## [Task item]
Give back exactly the lines from the one that includes "Hoạt động tập" to the last line below, both included, and no further lines.

[Excerpts from a dataset]
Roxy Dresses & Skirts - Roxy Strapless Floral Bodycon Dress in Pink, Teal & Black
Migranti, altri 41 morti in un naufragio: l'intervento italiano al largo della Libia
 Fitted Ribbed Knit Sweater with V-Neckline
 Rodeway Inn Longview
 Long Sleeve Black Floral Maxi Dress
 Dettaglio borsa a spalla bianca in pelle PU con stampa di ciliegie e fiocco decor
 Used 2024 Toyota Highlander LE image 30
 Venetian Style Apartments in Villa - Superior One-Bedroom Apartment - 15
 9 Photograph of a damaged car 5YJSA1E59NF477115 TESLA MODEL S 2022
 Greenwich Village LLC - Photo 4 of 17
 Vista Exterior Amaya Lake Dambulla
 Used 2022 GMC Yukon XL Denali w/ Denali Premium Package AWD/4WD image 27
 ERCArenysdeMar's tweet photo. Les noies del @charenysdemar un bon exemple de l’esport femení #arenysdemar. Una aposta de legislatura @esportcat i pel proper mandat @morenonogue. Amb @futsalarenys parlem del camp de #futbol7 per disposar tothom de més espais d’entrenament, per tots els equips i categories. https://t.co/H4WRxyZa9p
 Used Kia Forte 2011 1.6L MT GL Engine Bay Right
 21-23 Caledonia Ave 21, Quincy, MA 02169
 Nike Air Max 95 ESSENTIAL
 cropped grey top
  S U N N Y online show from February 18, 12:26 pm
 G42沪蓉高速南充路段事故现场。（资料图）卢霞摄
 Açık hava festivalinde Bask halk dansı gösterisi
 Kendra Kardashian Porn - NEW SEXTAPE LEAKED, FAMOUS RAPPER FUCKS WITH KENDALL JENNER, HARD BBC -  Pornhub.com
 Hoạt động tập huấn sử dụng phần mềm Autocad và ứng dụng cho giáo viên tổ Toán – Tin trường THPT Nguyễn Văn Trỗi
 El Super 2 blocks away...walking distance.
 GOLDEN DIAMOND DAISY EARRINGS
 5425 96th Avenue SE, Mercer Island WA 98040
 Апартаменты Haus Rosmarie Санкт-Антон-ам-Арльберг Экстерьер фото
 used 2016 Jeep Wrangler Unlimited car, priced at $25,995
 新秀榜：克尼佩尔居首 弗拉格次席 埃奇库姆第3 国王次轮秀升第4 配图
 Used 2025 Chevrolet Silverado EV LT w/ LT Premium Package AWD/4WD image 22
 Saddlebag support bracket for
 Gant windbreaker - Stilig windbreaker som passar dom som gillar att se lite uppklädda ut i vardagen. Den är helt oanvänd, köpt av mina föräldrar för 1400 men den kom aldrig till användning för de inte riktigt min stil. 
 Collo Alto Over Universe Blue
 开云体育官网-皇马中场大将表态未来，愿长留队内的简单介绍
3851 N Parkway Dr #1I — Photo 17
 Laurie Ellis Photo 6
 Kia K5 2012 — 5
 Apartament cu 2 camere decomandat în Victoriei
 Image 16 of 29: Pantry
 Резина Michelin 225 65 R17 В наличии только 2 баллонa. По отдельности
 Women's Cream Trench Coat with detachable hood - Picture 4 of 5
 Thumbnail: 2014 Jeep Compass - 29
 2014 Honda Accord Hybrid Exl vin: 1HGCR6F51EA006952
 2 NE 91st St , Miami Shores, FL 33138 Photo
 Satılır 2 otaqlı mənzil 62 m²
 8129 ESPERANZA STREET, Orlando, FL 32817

## [Reply to the exercise]
 Hoạt động tập huấn sử dụng phần mềm Autocad và ứng dụng cho giáo viên tổ Toán – Tin trường THPT Nguyễn Văn Trỗi
 El Super 2 blocks away...walking distance.
 GOLDEN DIAMOND DAISY EARRINGS
 5425 96th Avenue SE, Mercer Island WA 98040
 Апартаменты Haus Rosmarie Санкт-Антон-ам-Арльберг Экстерьер фото
 used 2016 Jeep Wrangler Unlimited car, priced at $25,995
 新秀榜：克尼佩尔居首 弗拉格次席 埃奇库姆第3 国王次轮秀升第4 配图
 Used 2025 Chevrolet Silverado EV LT w/ LT Premium Package AWD/4WD image 22
 Saddlebag support bracket for
 Gant windbreaker - Stilig windbreaker som passar dom som gillar att se lite uppklädda ut i vardagen. Den är helt oanvänd, köpt av mina föräldrar för 1400 men den kom aldrig till användning för de inte riktigt min stil. 
 Collo Alto Over Universe Blue
 开云体育官网-皇马中场大将表态未来，愿长留队内的简单介绍
3851 N Parkway Dr #1I — Photo 17
 Laurie Ellis Photo 6
 Kia K5 2012 — 5
 Apartament cu 2 camere decomandat în Victoriei
 Image 16 of 29: Pantry
 Резина Michelin 225 65 R17 В наличии только 2 баллонa. По отдельности
 Women's Cream Trench Coat with detachable hood - Picture 4 of 5
 Thumbnail: 2014 Jeep Compass - 29
 2014 Honda Accord Hybrid Exl vin: 1HGCR6F51EA006952
 2 NE 91st St , Miami Shores, FL 33138 Photo
 Satılır 2 otaqlı mənzil 62 m²
 8129 ESPERANZA STREET, Orlando, FL 32817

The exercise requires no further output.